**Aim of the exercise**. In the records that follow, the lines from the one containing "QX Basic Font" to the one containing "Ak Höchenschwand im", inclusive, are to be given again exactly.
══ Dataset
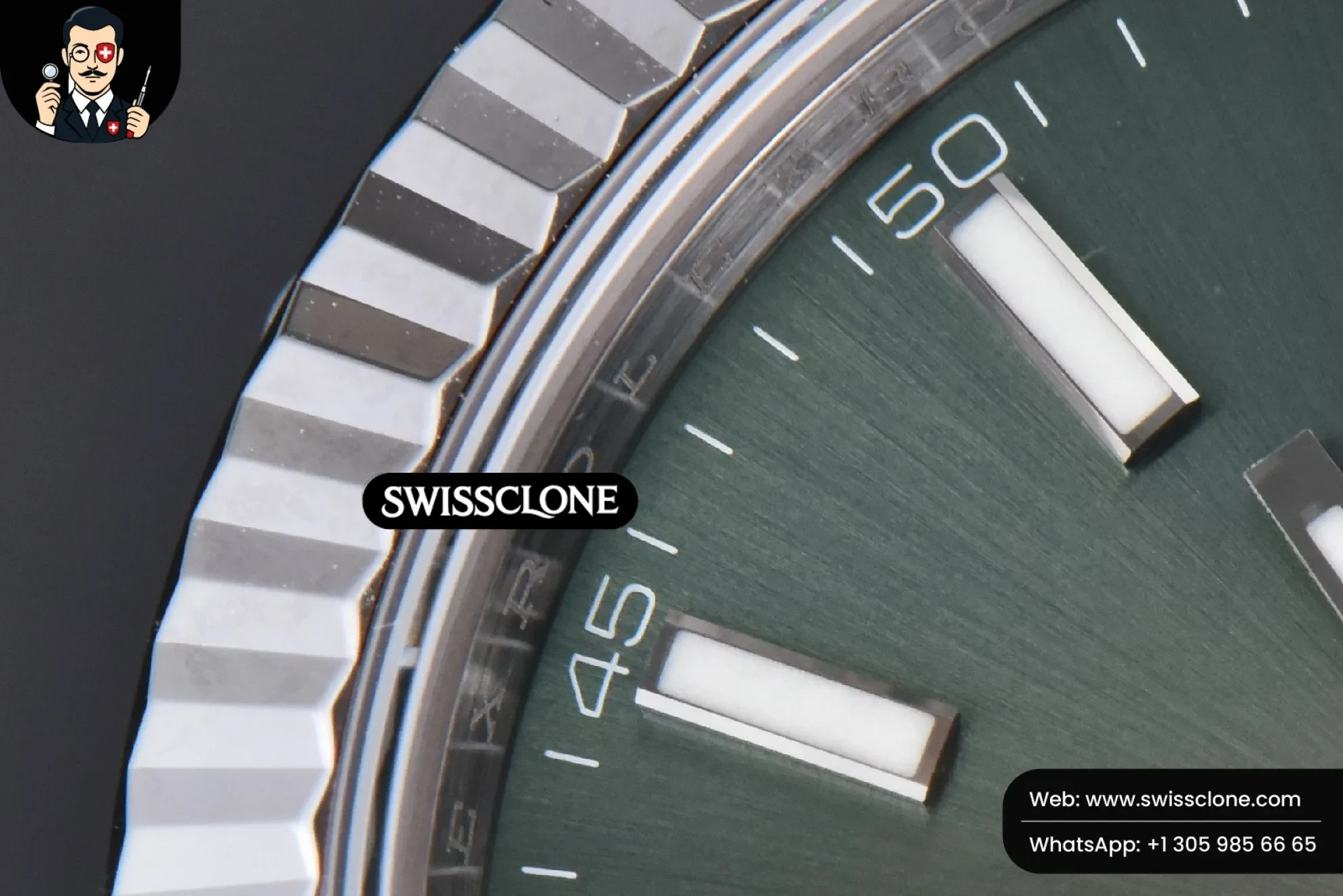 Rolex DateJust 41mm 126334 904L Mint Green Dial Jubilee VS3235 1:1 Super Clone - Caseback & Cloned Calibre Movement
════
══ Dataset
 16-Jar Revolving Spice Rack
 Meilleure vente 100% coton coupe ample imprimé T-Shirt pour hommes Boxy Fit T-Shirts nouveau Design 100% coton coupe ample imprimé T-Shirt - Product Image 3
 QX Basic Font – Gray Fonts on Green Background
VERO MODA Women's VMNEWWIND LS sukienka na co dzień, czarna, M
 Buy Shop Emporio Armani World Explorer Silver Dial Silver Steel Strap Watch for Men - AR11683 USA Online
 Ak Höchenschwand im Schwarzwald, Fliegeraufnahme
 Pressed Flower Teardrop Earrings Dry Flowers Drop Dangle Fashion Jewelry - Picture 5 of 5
════
**Output for this exercise**.
 QX Basic Font – Gray Fonts on Green Background
VERO MODA Women's VMNEWWIND LS sukienka na co dzień, czarna, M
 Buy Shop Emporio Armani World Explorer Silver Dial Silver Steel Strap Watch for Men - AR11683 USA Online
 Ak Höchenschwand im Schwarzwald, Fliegeraufnahme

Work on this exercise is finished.